The Common Redpoll, Carduelis flammea, is a species in the finch family. It breeds somewhat further south than the Arctic Redpoll, also in habitats with thickets or shrubs. Nominate C. f. flammea (Mealy Redpoll) breeds across the northern parts of North America and Eurasia. There is also an Icelandic subspecies, C. f. islandica, and one which breeds in Greenland and Baffin Island, C. f. rostrata (Greenland Redpoll). All forms migrate further south in winter into southern Canada, the northern USA and most of Eurasia. These birds are remarkably resistant to cold temperatures and winter movements are mainly driven by the availability of food.

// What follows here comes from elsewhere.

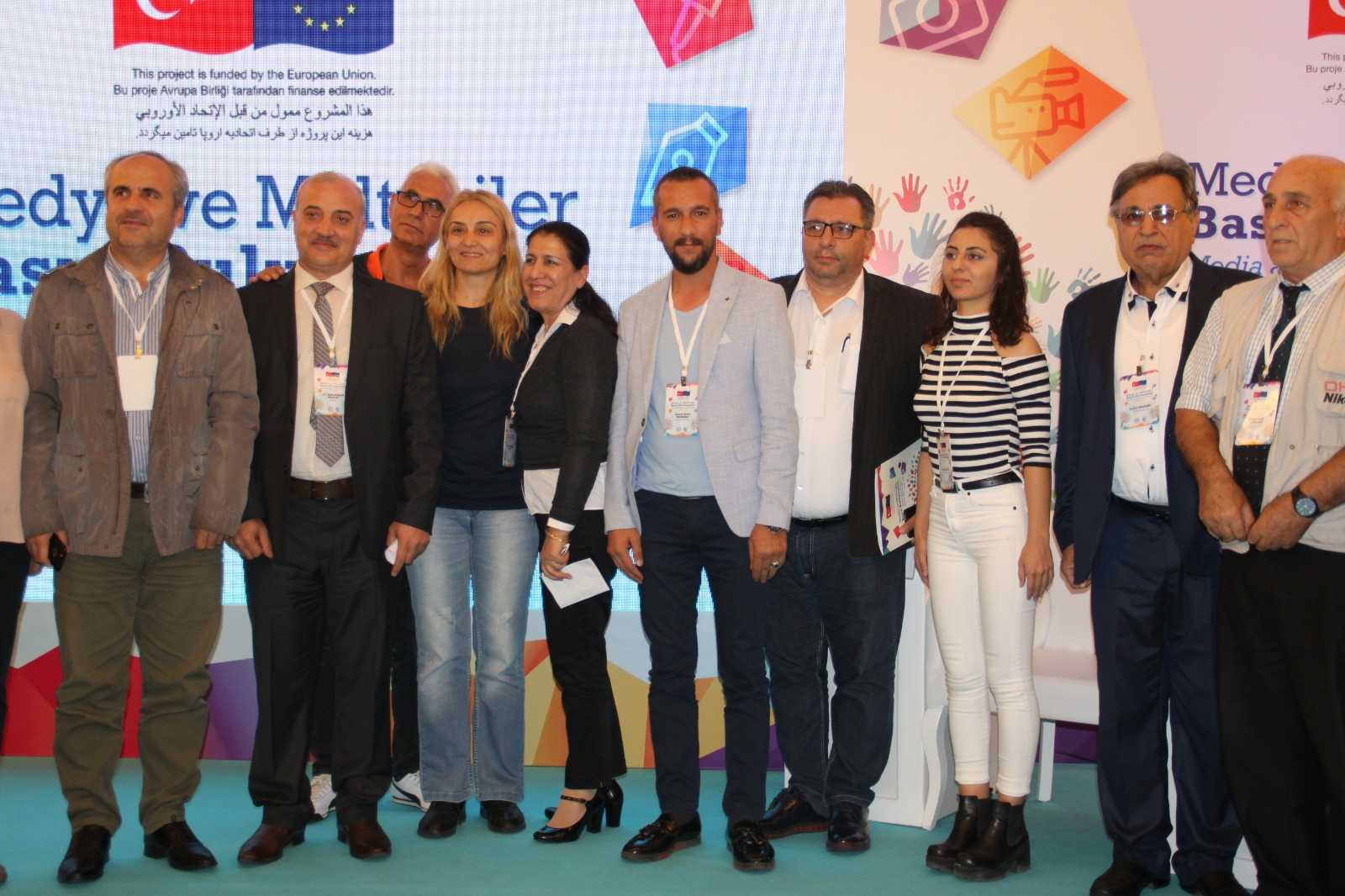 Medya Ankara’da Mültecilerin sorunlarını tartıştı!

The common redpoll is smaller, browner and more streaked than the Arctic redpoll. There are two distinct populations (one lighter, one darker) united in islandica, the relationships of which are unresolved.
(From Wikipedia, November 25th, 2010)
The Common Redpoll is a frequent and often abundant winter visitor across all of Alberta. As spring approaches, redpolls leave one and all for their arctic breeding grounds. Some redpolls breed in extreme northeast Alberta.

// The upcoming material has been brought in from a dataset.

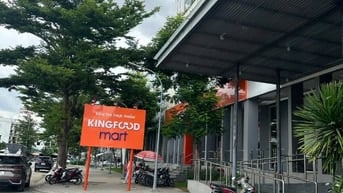 Cho thuê Mặt bằng/VP KD ngay mặt tiền đường lớn 30m KDC Cát Lái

On their breeding grounds redpolls inhabit patches of scrubby birch and willow. In winter, redpolls can be found anywhere with suitable cover, including city parks and back yards stocked with suitable feeders.
When not gorging at feeders in winter stocked with their favorite niger seed or sunflower seeds, redpolls eat seeds of trees such as birch, and of grasses and other plants. They may also nibble from suet feeders, especially in winters where their numbers are high, and there is lots of competition at feeders. On their breeding grounds redpolls also feast on the explosion of buzzing insects that emerge, seemingly without respite in the Arctic summer.
Redpolls build a nest of twigs and grasses on the ground or in low shrubs. Four to seven pale blue eggs splotched with dark markings are laid and incubated for 10 or 11 days. Young are fledged in another 12 days or so.